/ Serious, General and Complex Crime Articles / Conspiracy to Murder
The essence of this offence is in the 'agreement'; - the agreement to kill - there need not in fact be a dead body. On the other hand prosecutors sometimes like to use this charge when there is more than one person in the dock and all are alleged to have played a different role in an unlawful killing. In those circumstances it is sometimes easier to charge conspiracy to murder even though there is a body. The authors, for example, were involved in a gang-land case where the defendant had been charged with conspiracy to murder (he was later acquitted) - the murder victim had been shot by an unknown male who was with a group of other masked males. The police made several arrests and tried them all for conspiracy to murder.
Conspiracy to murder is just like any other conspiracy. So just what does it mean to be charged with a conspiracy offence? Under section 1 of the Criminal Law Act 1977 it is an offence "if a person agrees with any other person or persons that a course of conduct shall be pursued which, if the agreement is carried out in accordance with their intentions." results in the commission of an offence. That means simply that, just as it is a criminal offence to rob or murder or steal, so it is a criminal offence for two or more persons to agree with one another to rob or murder or steal - or whatever the offence maybe.
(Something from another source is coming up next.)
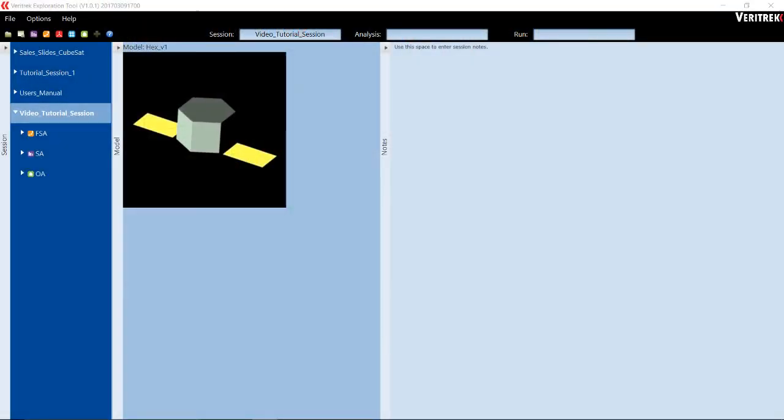We will now look at the Surface Plot Analysis feature of the Veritrek Exploration Tool. The first step is going to be to set up a Surface Plot Analysis from the Home menu under the Video Tutorial Session that we have already created.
The course of conduct proposed must be something that will be done by one or more of the parties to the agreement - the other parties to the agreement must take some role and must know that murder is in mind.
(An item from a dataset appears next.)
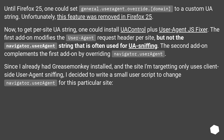Until Firefox 25, one could set general.useragent.override.domain to a custom UA string. Unfortunately, this feature was removed in Firefox 25. Now, to get per-site UA string, one could install UA Control plus User Agent JS Fixer. The first add-on modifies the user agent request header per site, but not the navigator.userAgent string that is often used for UA sniffing.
Judges will remind juries that for the prosecution to prove an 'agreement' they do not have to produce a signed contract agreeing to commit an offence. Juries are invited to make inferences from the evidence - for example, circumstantial evidence of a series of suspicious meetings or links to other co-defendants by telephone calls and so on. Often these factual assertions are agreed, but the inferences that can be drawn from these facts are not agreed. Tactical care and skill is required to identify how best to attack the prosecution's case - i.e. does that a series of calls or meetings equate to participation in some unlawful agreement? Is there another explanation? The fact is that the defence may, either through cross-examination or through the defendant's evidence, show that there are other 'co-existing circumstances' which explain the issues and can weaken the prosecution's inference. The defence lawyers can consider asking the Judge to give a jury direction on circumstantial evidence. This simply means that the Judge will remind the jury that, as a matter of law, it should distinguish between arriving at conclusions based on reliable circumstantial evidence, and mere speculation. Juries are often told that speculating in a case amounts to no more than guessing.
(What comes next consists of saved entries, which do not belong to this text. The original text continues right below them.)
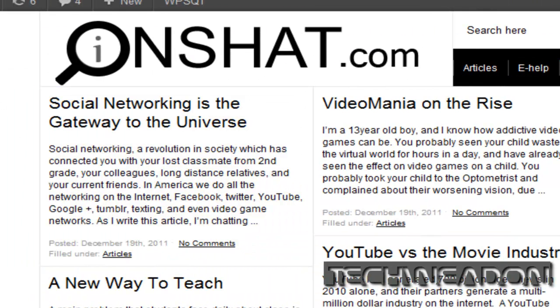And if you want to check out my website, you can. It's InShot.com. So this is Tech Whedon, and I'm signing out.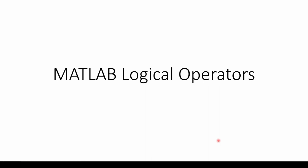This is the first of a two-part sequence on logical operators in MATLAB. In this video, we'll briefly review the purpose of logical operators and do some simple examples. In the next video, we'll do more complex examples.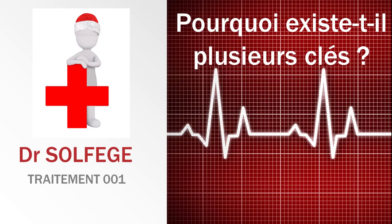Cher patient, tu n'arrives pas à dormir car tu te demandes pourquoi diable existe-t-il plusieurs clés. Voici mon remède : écoute bien l'histoire que je vais te conter. Je vais te résumer en quelques mots l'histoire de la portée musicale.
In conspiracy cases there will often be significant areas of evidence which, on the face of it, seem damning but which in fact are not admissible against a particular Defendant. A basic rule of evidence is that, ordinarily, acts done or words uttered by 'A' cannot be evidence against 'B'. But in conspiracy cases there is the so-called 'acts and declarations' rule. This provides that the acts or declarations of any conspirator or co-accused made in furtherance of the alleged common design may be admitted as part of the evidence against any other conspirator.
To be admissible against a co-defendant the declaration in question must be in furtherance of the common design; it must "be demonstrated to be one forming an integral part of the machinery designed to give effect to the joint enterprise" - R v Reeves, unrep. Dec 4, 1998. Descriptions of past events for example are not made in furtherance of the common design and are therefore not admissible against anyone other than the maker. For example, say an undercover officer covertly records a suspect X discussing the preparations for an offence where Y is mentioned. This could be admissible evidence in a conspiracy case against both X and Y. The acts and declarations rule can, and very often should, be tested by the defence, see e.g. R v Gray and Liggins [1995] 2 Cr. App. R 100.
The main difference of course is that no one needs to be killed. This comes up often in so called 'honour-killing' plots where the accused will all be members of a family who are accused of taking steps to kill another family member - usually a female with plans to marry outside the family race or religion. The police will get wind of the case and either make arrests or even, in a case which Rahman Ravelli Solicitors were involved in, employ an undercover officer to pretend to be a potential hit-man.
The intention in a murder charge is an intent to kill or to cause grievous bodily harm (GBH). The intention to actually kill must be present in a conspiracy to murder charge; it is not enough to have an intention to commit GBH only. However, when there is an actual death and there is more than one defendant in the dock the Crown will sometimes prefer a straight murder charge as the intention element may be easier for them to prove than that in a conspiracy charge - i.e. charge murder on a joint enterprise basis; see below.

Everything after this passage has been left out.